High expectations for India’s much anticipated budget

It remains to be seen if the government’s economic programme will reflect a good economic vision or a bad political one.

Narendra Modi

India’s budget for more than a billion people is a mammoth task, laced as it is with massive expectations.

The 2014 budget is touted as one of the most awaited since 1991, which Dr Manmohan Singh presented as the-then finance minister.

That one turned India into a liberal economic regime and transformed the fiscal destiny of the country.

This one is expected to build on that foundation and bring in what is now regularly described as “Big Bang reforms”.

The country and the world is expecting Prime Minister Narendra Modi to deliver as promised to the globalised economic world.

The Economic Survey, tabled in the Indian parliament on Friday, received a cautious optimistic response.

Over eight percent growth, and the hope of getting into double digit growth, was attributed more to statistical wonder than to performance indicators.

Sitaram Yechury of the Indian Communist Party dismissed it as “lies, damned lies and statistics. The economic survey is a statistical gimmick”.

He claimed that contrary to claims in the report, there has been a decrease in export and agricultural growth.

Some are not as dismissive. Industry body FICCI President Jyotsna Suri said: “The Economic Survey has highlighted that India is at the cusp of higher growth trajectory.

“While the process of recovery has started, we need to continue with reforms process to ensure that we are firmly rooted on a sustainable growth path.”

Constituencies

On Saturday, when Finance Minister Arun Jaitley will stand to present the second budget of this government, he will have the mammoth task of satisfying three constituencies.

1) The Engine: The corporate world, which has backed the Modi government and before that the right-wing Bharatiya Janata Party (BJP), is hoping that the new government will lose no further time to bring in much expected reforms of economic processes, like labour law reforms, to facilitate the ease of setting up, operationalising and doing business in India, clarity on tax regimes, and a boost for SMEs.

Recently, Indian industry gave the first sign of losing patience with the current government when Deepak Pareikh, Chairman of Housing Development Finance Corporation (HDFC) said: “After nine months, there is a little bit of impatience creeping in as to why no changes are happening and why this is taking so long having effect on the ground.

“The thing is that our prime minister had a lucky period in these nine months. The world commodity prices are at an all-time low, which help India the most,” Parekh said.

If this budget fails to live up to their expectation, chances are that it will signal the end of the “honeymoon period”.

2) The Opinion Maker: The strong middle class, which is the opinion maker for any political process, is expecting this budget to address issues like tax reform and help industry create more jobs. This class has been a strong support base of the rBJP in the 2014 elections which gave them a clear mandate, the first in the last 30 years.

3) The Barometer: India’s poor, over 70 percent of the population, constitute the group which finally decides the future of the government.

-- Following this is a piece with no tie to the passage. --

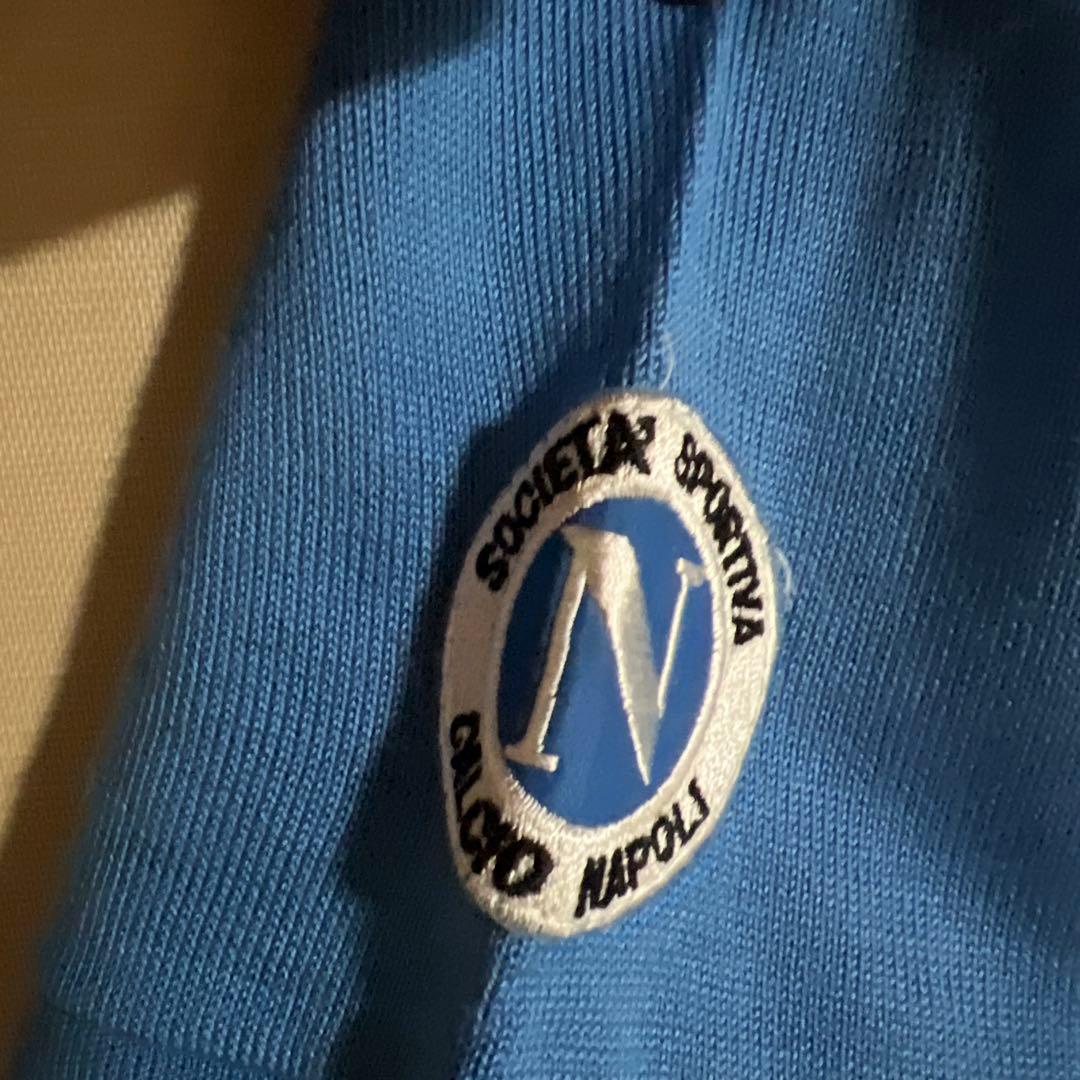 カ*ー様 ナポリ　マラドーナ　復刻版ユニフォーム　ウェア　エネーレアルゼンチンイ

This section would expect the new government to continue the pro-poor policies started by the previous government, but at the same time develop the infrastructure for growth. This class is the barometer of success or failure of the policies and programmes. They have been showing their anxiety with the way the new government has conducted itself. The local assembly elections in Delhi, which gave Modi’s BJP a thumbs down, was a clear signal of growing disenchantment. They prefer the pro-poor Common Man Party (AAP) to the business-friendly BJP.

While the engine continuing to fire is a must, the opinion makers must also be happy by the way the plan is presented before the barometer decides the outcome. This makes the task in Jaitley’s hands pretty daunting.

Expectations

The Economic Survey has laid down the course of expectation and some believe that it has failed to reassure the advent of “Big Bang reforms”.

There are political reasons for it too. The government has a full majority in the lower house of the parliament but it lacks the numbers to push the bills in the upper house.

The amendments it seeks to introduce to the 2013 Land Acquisition Bill will fall prey to that, unless the Modi government shows the resolve to press for a joint session clearance. Clean India and Skilled India are going to see the push they need. But the budget overall is a huge balancing act.

Modi gave a clear indication while delivering his vote of thanks during the presidential address on Friday in parliament, that his government will not abandon welfare schemes like MNREGA (rural employment guarantee scheme), and a food subsidy programme brought in by the previous Congress government.

If subsidies like these continue, the funding of expenditure heads will be difficult.

The government needs to regain its position of premier investor if it wants to kick start the utilisation of the demographic advantage so often referred to as India’s ‘big plus’.

Arun Jaitley and team Arvind Subramaniam, the chief economic adviser, are expected to deliver a please-all budget.

But good economics at times looks like bad politics – which route the new government will prefer remains to be seen.